Teh Internet, as we all know from
everyday experience, is a vast, shapeless, mercurial beast. Fine, but
that doesn’t mean that a play about it has to be the same. Tim Price’s
play is often smart and always irreverent – look at that very Netty
typo in the title – but in the end the material simply refuses to be
marshalled either by him or by director Hamish Pirie.
Price is interested in the democratising possibilities of the Net, and
in particular here he recounts a version of the story of online
“hacktivist” collective Anonymous and their more radical splinter
LulzSec, who between them took down a number of prominent web sites
from the Church of Scientology to the CIA a few years ago, and were
instrumental in the Tunisian kick-off to the Arab Spring. Their
motivation was a combination of purposefulness and lulz: early on in
the play, the rules of this area of cyberspace emphasise that there are
no limits and that nothing is off-limits for laughs.

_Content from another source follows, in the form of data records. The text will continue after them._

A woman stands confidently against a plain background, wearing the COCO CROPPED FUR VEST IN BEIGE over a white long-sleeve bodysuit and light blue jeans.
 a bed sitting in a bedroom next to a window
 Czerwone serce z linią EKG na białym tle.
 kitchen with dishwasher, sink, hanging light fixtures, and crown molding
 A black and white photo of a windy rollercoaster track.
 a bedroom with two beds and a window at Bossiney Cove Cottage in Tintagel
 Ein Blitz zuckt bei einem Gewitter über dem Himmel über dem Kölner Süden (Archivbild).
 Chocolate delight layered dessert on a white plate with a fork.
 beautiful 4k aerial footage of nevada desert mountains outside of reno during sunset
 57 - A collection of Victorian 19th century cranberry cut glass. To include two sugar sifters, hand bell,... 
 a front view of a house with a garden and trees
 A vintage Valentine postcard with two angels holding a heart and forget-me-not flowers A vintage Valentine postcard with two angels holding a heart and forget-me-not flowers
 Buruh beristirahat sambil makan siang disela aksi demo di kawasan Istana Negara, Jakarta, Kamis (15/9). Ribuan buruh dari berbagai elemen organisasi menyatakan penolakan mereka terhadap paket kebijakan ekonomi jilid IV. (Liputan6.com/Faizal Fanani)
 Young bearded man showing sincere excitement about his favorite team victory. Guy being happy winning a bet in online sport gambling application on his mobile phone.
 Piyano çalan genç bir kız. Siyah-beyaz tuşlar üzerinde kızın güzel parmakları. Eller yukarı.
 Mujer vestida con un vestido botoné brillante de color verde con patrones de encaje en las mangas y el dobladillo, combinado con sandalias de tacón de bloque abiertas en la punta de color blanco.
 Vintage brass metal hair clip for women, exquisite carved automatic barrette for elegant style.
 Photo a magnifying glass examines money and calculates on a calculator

Such a bottom-up movement is unprecedented in recent history, and
had/has enormous potential to affect the world around it. It would
help, then, if the play showed more than a few seconds of that world at
a time. One hacker gets pressured in his school class; another is
turned by the FBI; each scene is blink-brief, before we return to the
online world. Even the cast list provided credits the 15 actors’ Anon
handles and the wackily-costumed Internet memes they occasionally
represent (yes, Grumpy Cat makes an appearance) before characters IRL
(In Real Life). The anything-goes nature of cyberspace here is
portrayed as a big playroom, with the orchestra pit turned into a
ball-pit and characters emerging through holes in the walls or from
trapdoors (when they work… I wonder whether they’ve tried switching
them off and then back on again).
It’s all big fun until you stop to think about or question any part of
it, which even the most in-the-moment spectator will surely do within a
very short time. After that, it’s like overdosing on a fizzy, sugary
drink: lots of bubbles, but you end up fidgety rather than nourished.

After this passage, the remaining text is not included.